▶ [Problem statement] From the line that contains "Quảng Ninh Phó" to the final line below, both included, print each line exactly and skip the pictures.

Image-text web data:
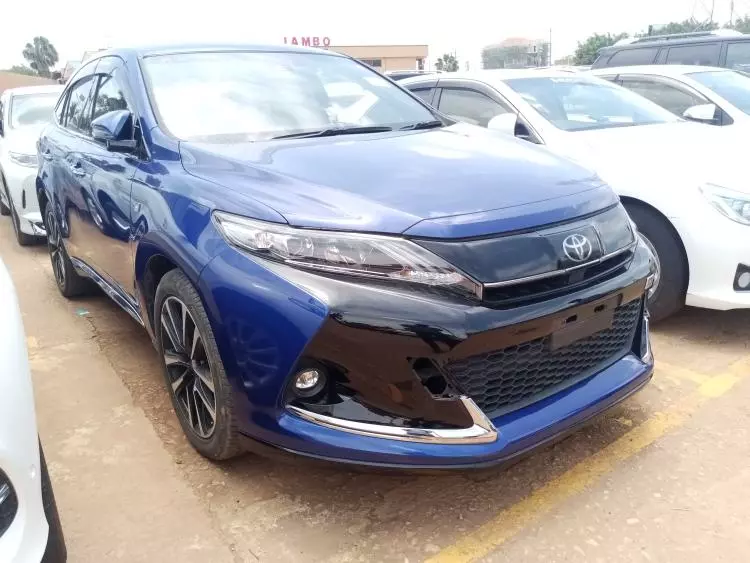 Toyota Harrier GR
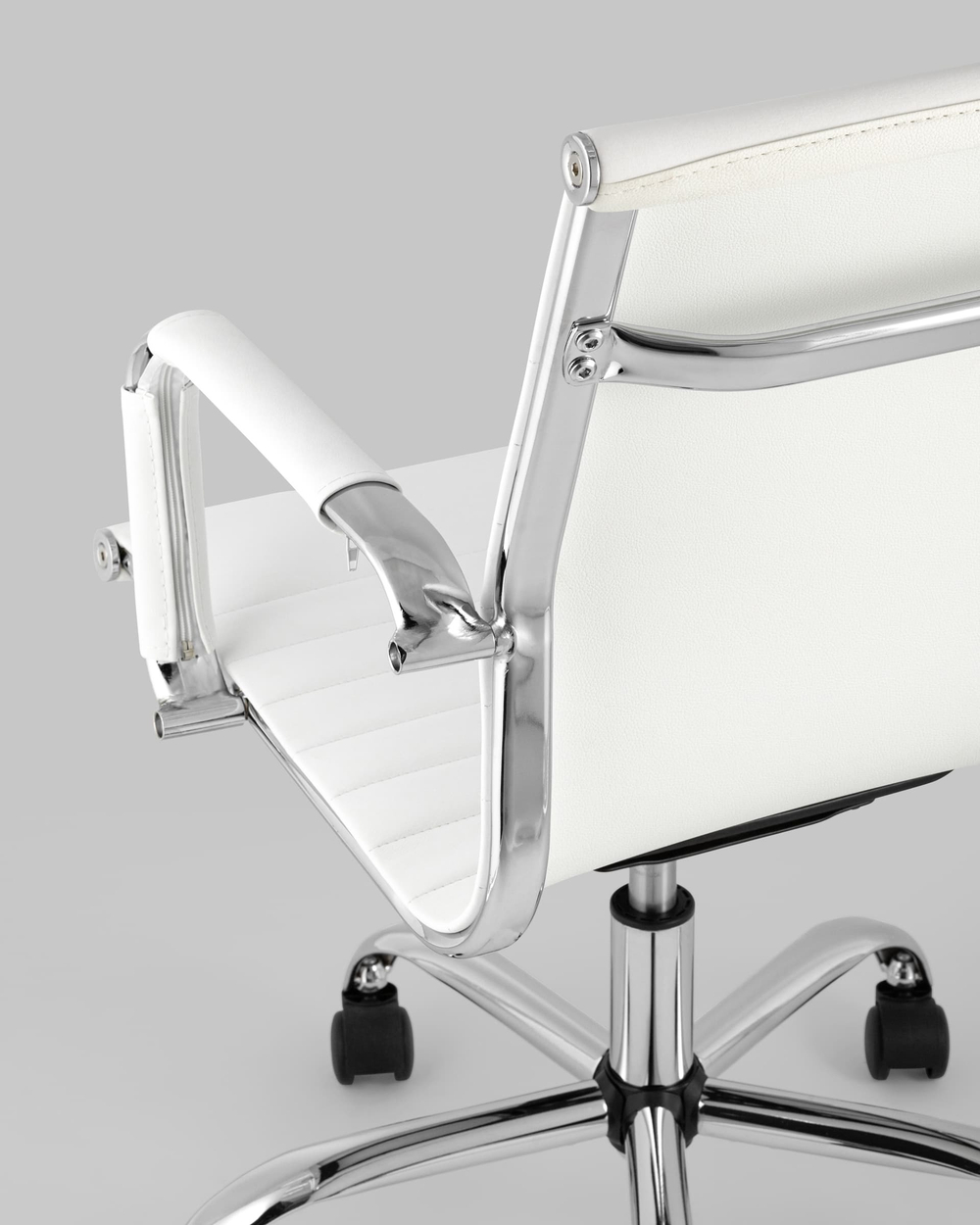 Кресло офисное TopChairs City S белое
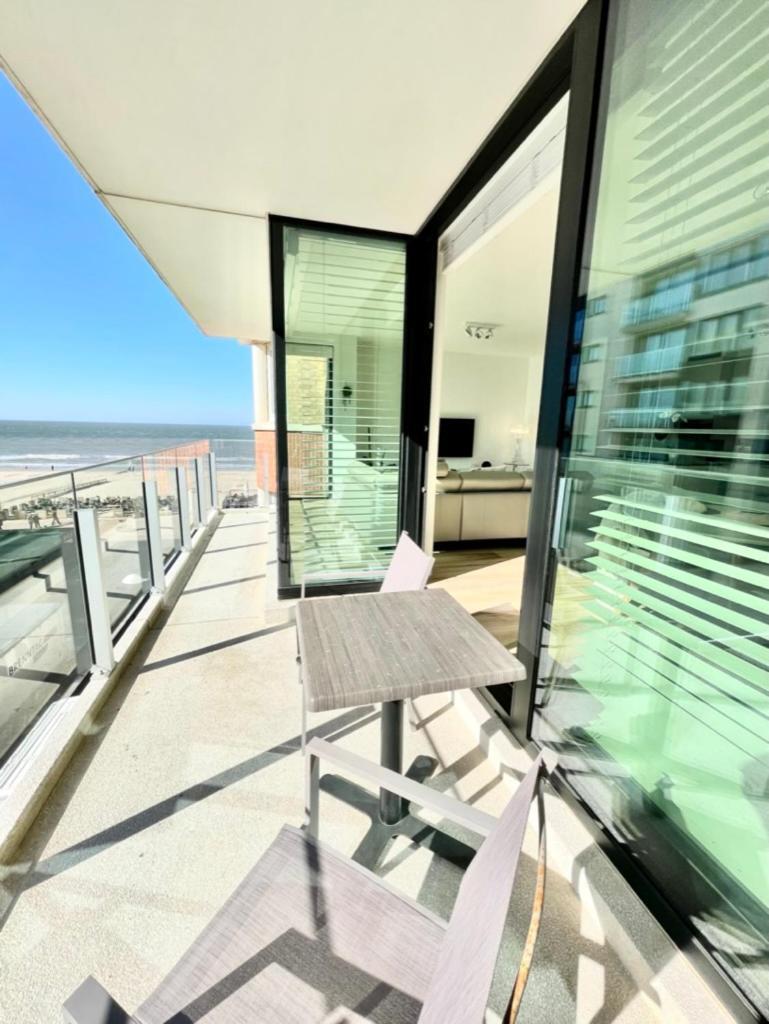 Luxury Suite Koksijde 310 - Adults Only Dış mekan fotoğraf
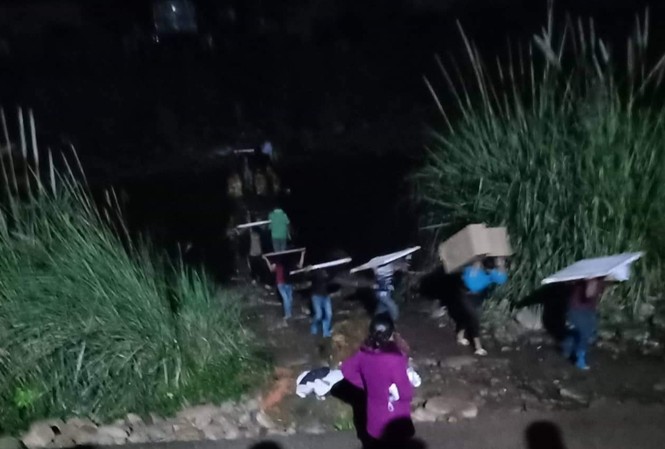 Phó Thủ tướng chỉ đạo làm rõ hàng lậu tự do qua biên giới Quảng Ninh Phó Thủ tướng chỉ đạo làm rõ hàng lậu tự do qua biên giới Quảng Ninh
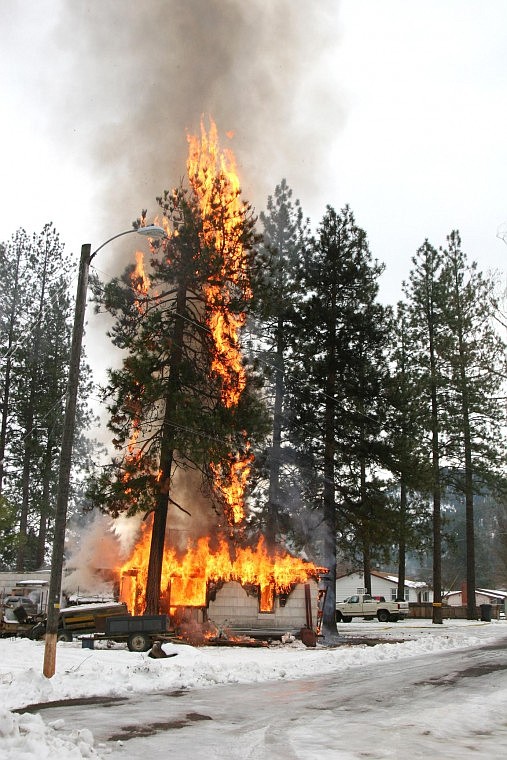 Superior Fire Department puts out garage fire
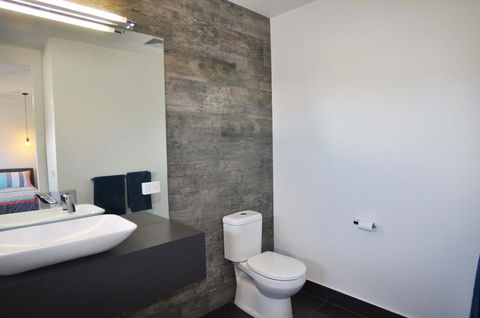 SUNNYSIDE - SURF SIDE - Darwin Holiday 1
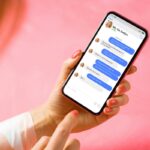 donna usa smartphone per chattare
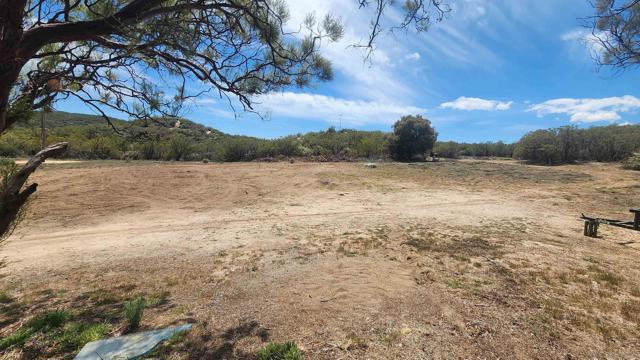 29650 Chihuahua Valley Rd, Warner Springs CA: https://media.crmls.org/mediaz/d27d93e6-8941-4f12-8be0-1e7728af00de.jpg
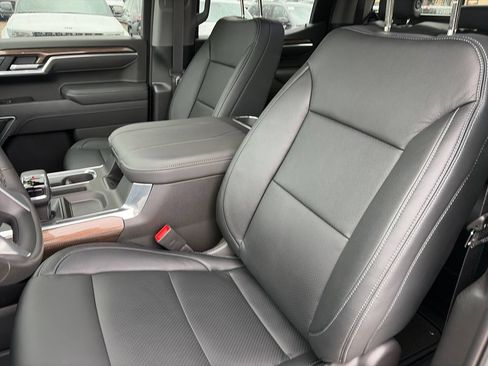 Used 2025 Chevrolet Silverado 1500 RST w/ All Star Edition Plus AWD/4WD image 11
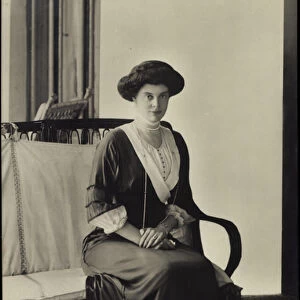 Ak Crown Princess Cecilie of Prussia, seat portrait (b / w photo)
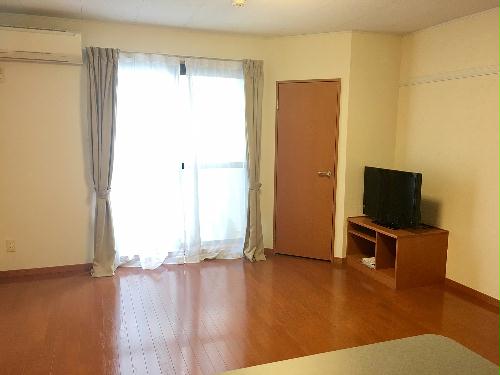 居室・リビング　1階はフローリング床となります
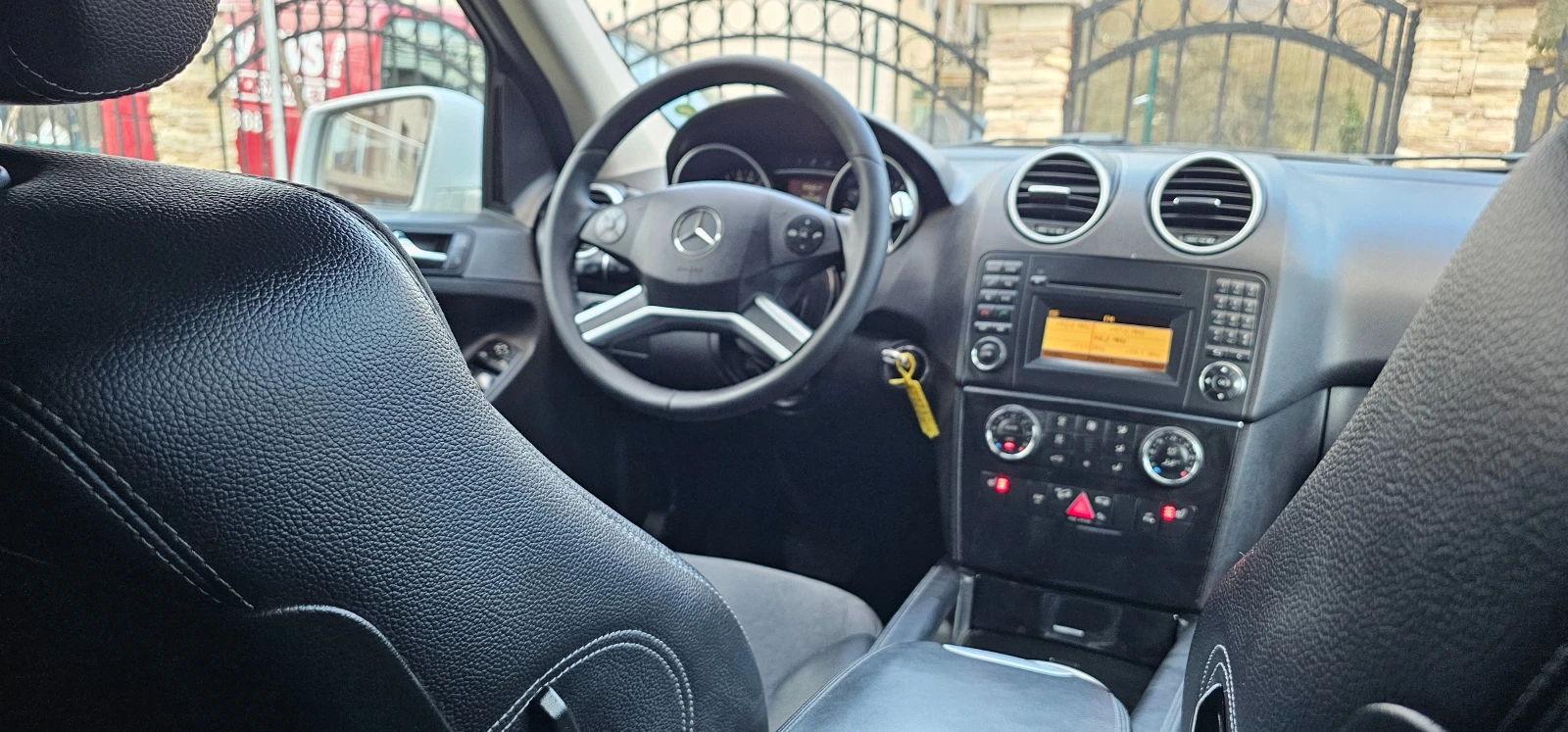 Mercedes-Benz ML 350 4 MATIC CDI, снимка 11 - Автомобили и джипове - 53978565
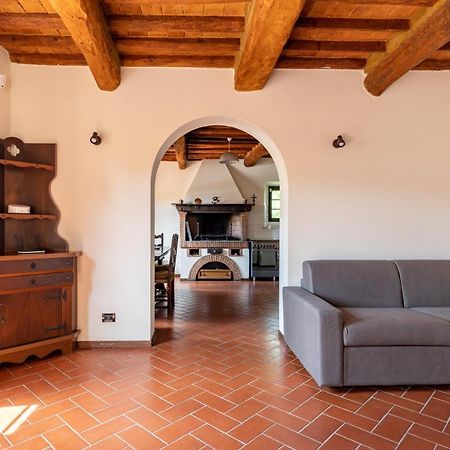 Вилла La Casina Di Elisa Монтекарло Экстерьер фото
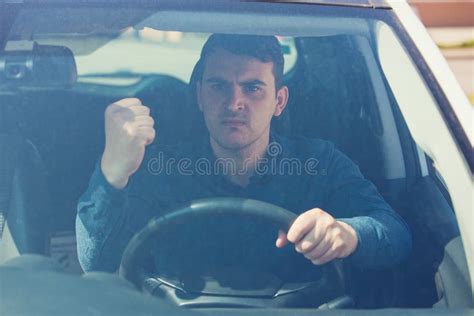 Jonge bestuurder achter het stuur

▶ [Solution to the problem]
 Phó Thủ tướng chỉ đạo làm rõ hàng lậu tự do qua biên giới Quảng Ninh Phó Thủ tướng chỉ đạo làm rõ hàng lậu tự do qua biên giới Quảng Ninh
 Superior Fire Department puts out garage fire
 SUNNYSIDE - SURF SIDE - Darwin Holiday 1
 donna usa smartphone per chattare
 29650 Chihuahua Valley Rd, Warner Springs CA: https://media.crmls.org/mediaz/d27d93e6-8941-4f12-8be0-1e7728af00de.jpg
 Used 2025 Chevrolet Silverado 1500 RST w/ All Star Edition Plus AWD/4WD image 11
 Ak Crown Princess Cecilie of Prussia, seat portrait (b / w photo)
 居室・リビング　1階はフローリング床となります
 Mercedes-Benz ML 350 4 MATIC CDI, снимка 11 - Автомобили и джипове - 53978565
 Вилла La Casina Di Elisa Монтекарло Экстерьер фото
 Jonge bestuurder achter het stuur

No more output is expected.